**Task details**
Repeat exactly the line with "Dusk over North" and each line after it to the end of the data below; pictures stay out.

**Dataset content**
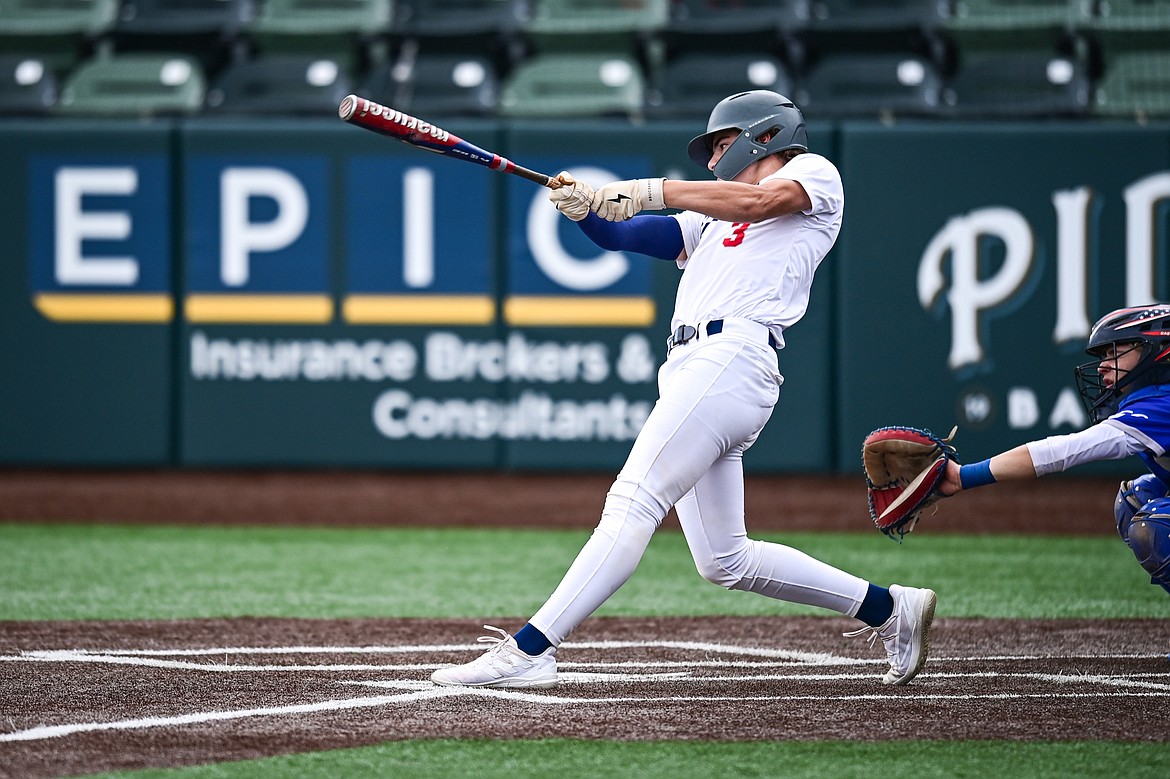 Badrock's Luke Dalen (3) drives in two runs in the third inning against Libby during the Badrock Invitational at Glacier Bank Park on Thursday, June 27. (Casey Kreider/Daily Inter Lake)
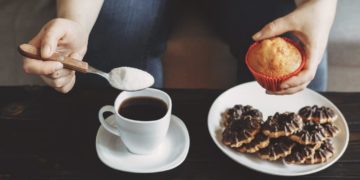 Sugar addiction, unhealthy lifestyle, weight gain, dietary, healthcare and medical concept. Cropped portrait of woman pouring sugar into coffee cup and eating sugary food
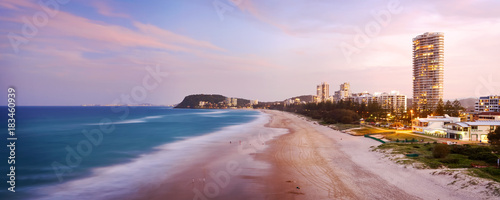 Dusk over North Burleigh Heads on the Gold Coast with the Burleigh headland visible in the distance. Gold Coast, Queensland, Australia.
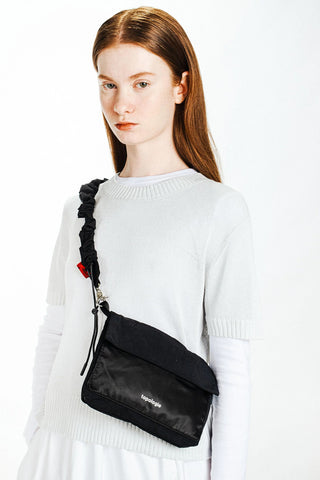 Black bungee strap worn across chest over white sweater with drawcord ends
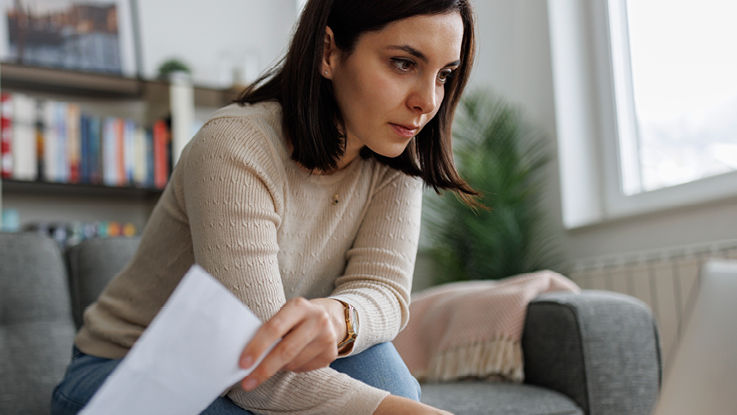 A woman carefully reviews information on her laptop as she works from home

**Response for this exercise**
 Dusk over North Burleigh Heads on the Gold Coast with the Burleigh headland visible in the distance. Gold Coast, Queensland, Australia.
 Black bungee strap worn across chest over white sweater with drawcord ends
 A woman carefully reviews information on her laptop as she works from home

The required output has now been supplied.